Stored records
"""

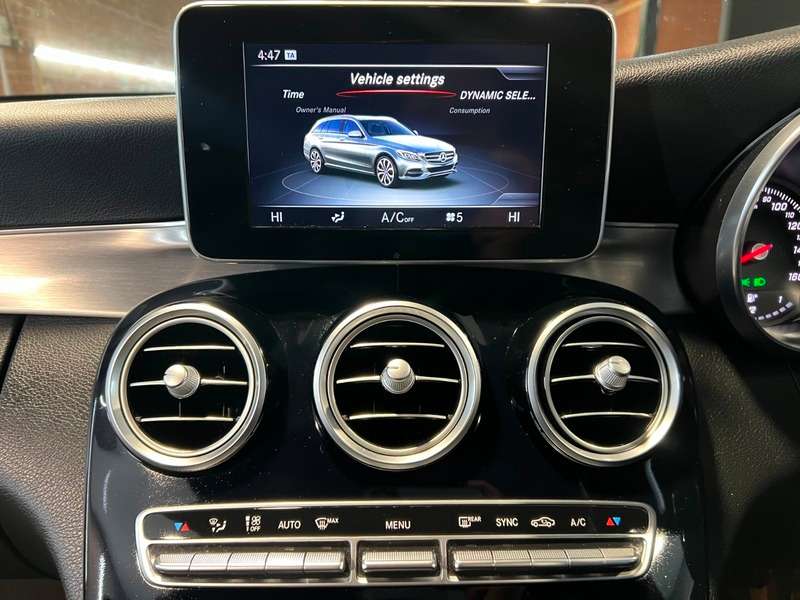 2016 MERCEDES-BENZ C CLASS 2016 MERCEDES-BENZ C CLASS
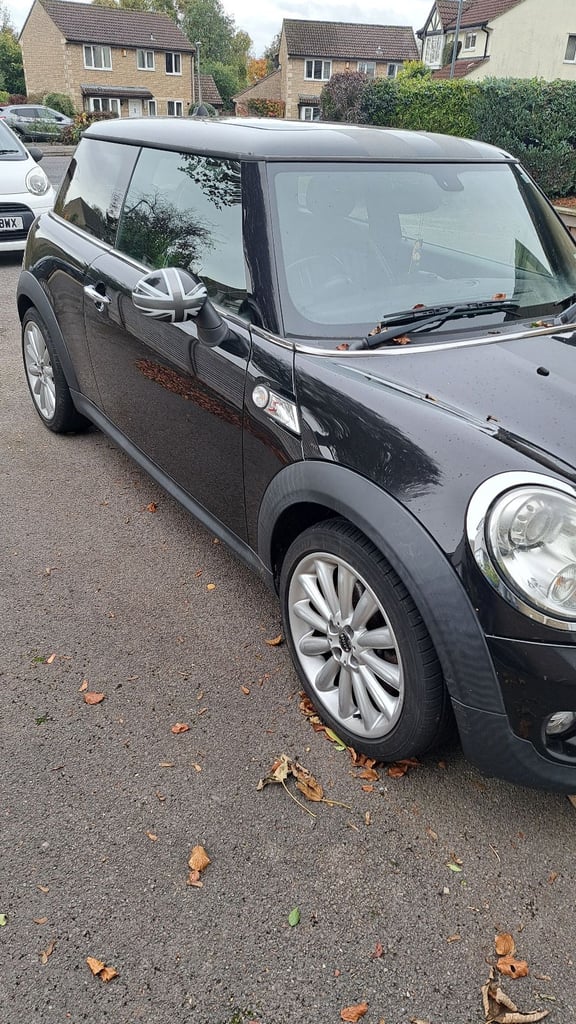 Mini, HATCHBACK, Hatchback, 2010, Manual, 1598 (cc), 3 doors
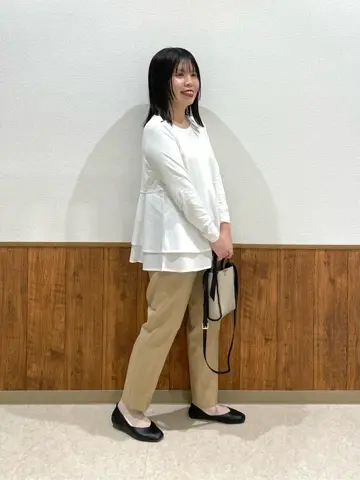 ONWARD CROSSET SELECT 時本 コーディネート画像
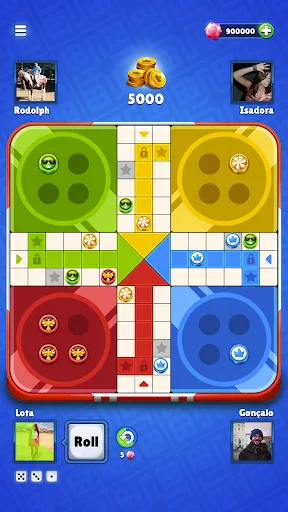 Ludo Party : Dice Board Game | 游戏 | XWorld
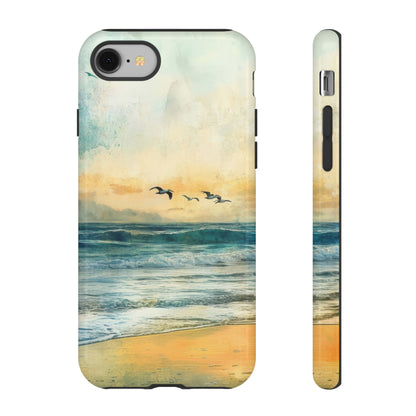 Romance Novel | Seaside Phone Case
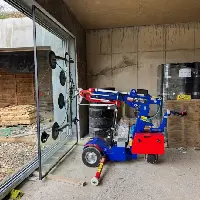 Robôs de Colocação de Vidro: Tecnologia que eleva a produtividade e segurança na construção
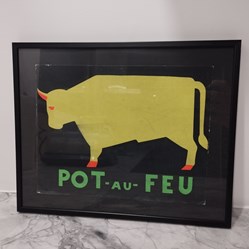 Affiche cartonnée - Kodec Pot au feu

"""

→ Directions for this task
Copy out all the data above exactly as written. Skip the pictures.

→ Result for this task
 2016 MERCEDES-BENZ C CLASS 2016 MERCEDES-BENZ C CLASS
 Mini, HATCHBACK, Hatchback, 2010, Manual, 1598 (cc), 3 doors
 ONWARD CROSSET SELECT 時本 コーディネート画像
 Ludo Party : Dice Board Game | 游戏 | XWorld
 Romance Novel | Seaside Phone Case
 Robôs de Colocação de Vidro: Tecnologia que eleva a produtividade e segurança na construção
 Affiche cartonnée - Kodec Pot au feu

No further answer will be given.